713 Armour Pipe Line Co. v. Sandel Energy, Inc., No. 14-16-00490-CV, 2018 WL 1546697 (Tex. App.—Houston [14th Dist.] Mar. 28, 2018, pet. filed)

Wednesday, September 26th, 2018

Richard F. Brown

The following is not a legal opinion. You should consult your attorney if the case may be of significance to you.

Armour Pipe Line Co. v. Sandel Energy, Inc., No. 14-16-00490-CV, 2018 WL 1546697 (Tex. App.—Houston [14th Dist.] Mar. 28, 2018, pet. filed) held that a foreign entity that forfeited its certificate of authority to do business in Texas under the Texas Tax Code did not forfeit its claim to payments for an overriding royalty interest. In 1999, Armour Pipe Line Company (“Armour”) assigned multiple oil and gas leases and wells to Sandel Energy, Inc. (“Sandel”), reserving an overriding royalty interest in 76 leases to Armour. In 2003, Armour’s certificate of authority to do business in Texas was forfeited under the Texas Tax Code. It was admitted that Armour’s certificate was reinstated in 2014. It was also admitted that Armour was not a domestic entity. However, Sandel contended that Armour’s claims and rights based on the overriding royalty were extinguished by operation of law under Texas Business Organizations Code Section 11.359(a) when the certificate was not reinstated within three years of its forfeiture in 2003. The royalties in dispute exceeded $1.5 million. The issue in the case was whether § 11.359(a) was applicable to a foreign entity.

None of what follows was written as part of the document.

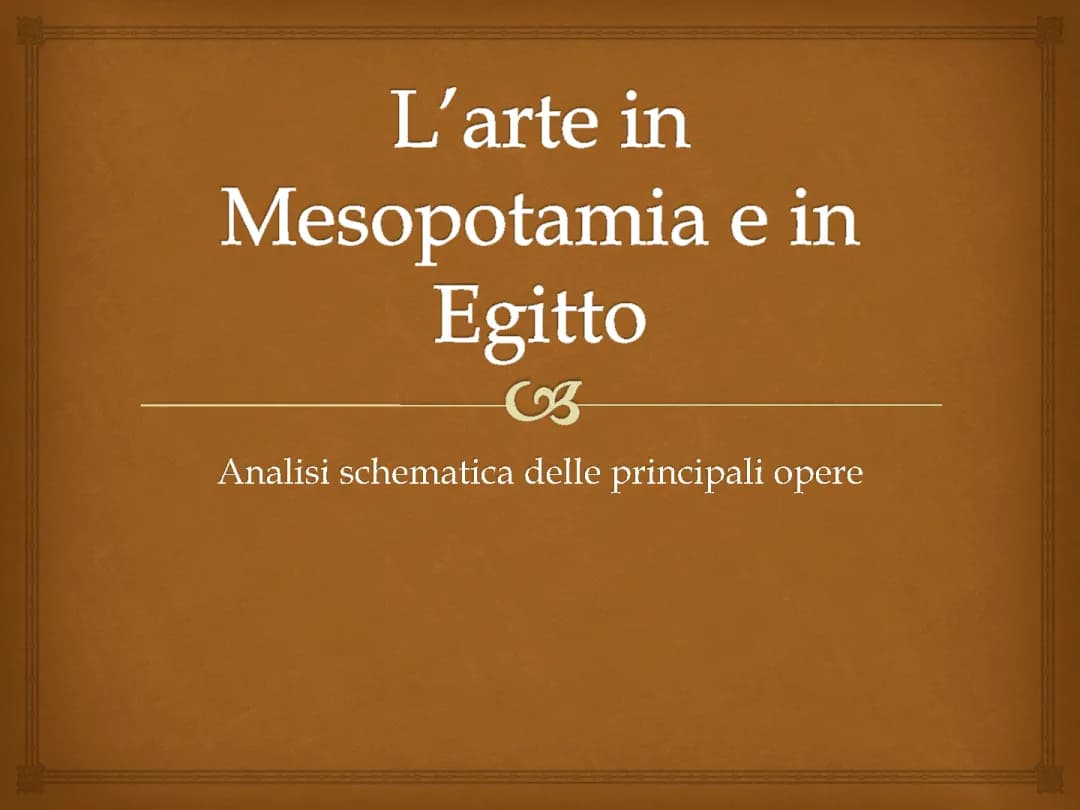Differenze tra Mesopotamia e Egitto: Arte e Storia delle Prime Civiltà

The court analyzed the relevant provisions of the Texas Business Organizations Code and the predecessor Texas Business Corporations Act. The key language in § 11.359(a) of the Texas Business Organizations Code provided that: “an existing claim by or against a terminated filing entity is extinguished unless an action or proceeding is brought on the claim not later than the third anniversary of the date of termination of the entity.” This, and the other provisions analyzed, generally revolve around the limited survival of claims held by dissolved domestic corporations after the date of dissolution. After its statutory analysis, the court concluded that § 11.359(a) did not apply to a foreign entity.

The significance of the case is the holding that a foreign entity which forfeits its certificate to do business in Texas under the Tax Code does not lose its claim to payment for an overriding royalty interest in Texas.